CUs Lend Members a Hand
When the economy went down, CUs stepped up.
During the worst economy since the Great Depression, credit unions did what banks wouldn’t: They stood by their members and extended financial lifelines to those in need. They went the extra mile to help members in financial turmoil.
The worst of economic times tends to bring out the best in credit unions. The not-for-profit, cooperative business model was born in times of economic hardship. It still shines bright during dark days.
Credit unions returned nearly $6 billion to their communities in the form of lower interest rates, higher savings rates, and lower or fewer fees during the 12 months preceding Sept. 30, 2012, CUNA reports (“The benefits of membership,” p. 30).
Their efforts reinforced what most in the industry already knew: What’s good for members is also good for the bottom line. And what’s good for members and credit unions is good for the entire community.

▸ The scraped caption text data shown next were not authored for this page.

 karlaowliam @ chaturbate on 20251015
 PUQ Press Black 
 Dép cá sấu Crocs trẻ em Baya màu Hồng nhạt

E.J. Donaghey, president/CEO of $270 million asset University of Illinois Employees Credit Union (UIECU) in Champaign, knew difficult days were coming to his community when the university announced sweeping furloughs in 2010 to address a budget shortfall.
“Unemployment was going up, banks weren’t lending, and members were talking about it all in our lobby,” Donaghey says. He knew the credit union had to respond to the pervasive media coverage about the poor economy and the university’s financial woes and layoffs.

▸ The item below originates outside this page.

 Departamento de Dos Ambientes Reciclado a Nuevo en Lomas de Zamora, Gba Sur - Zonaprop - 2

The first step was to compile a menu of existing products and services for members experiencing financial hardship. UIECU created a page on its website titled “Financial Relief” for these resources. It told members about these resources in emails, on its website (uiecu.org), and through newsletters and advertisements.
“Members don’t always know where to look for this information,” says Keon Conerly, assistant vice president of marketing and public relations. That’s exactly why the credit union communicates its offerings in terms of problems and solutions rather than products and services.
Beyond the Financial Relief menu of products and services on its website, Donaghey says a critical component of its financial assistance is its willingness to align lending standards with its membership. In other words, the credit union accepts a higher level of risk to continue lending even as members’ credit ratings declined.
“We felt the credit union needed to follow members’ credit needs,” he says.
“There was a time when banks weren’t lending at all, or you had to have A or B credit to get a loan,” adds Greg Anderson, chief operating officer. “We have different pricing for credit scores under 680, but we’ll make the loan.” Otherwise, members in dire straits might turn to predatory lenders or run up credit cards to pay bills, Anderson says.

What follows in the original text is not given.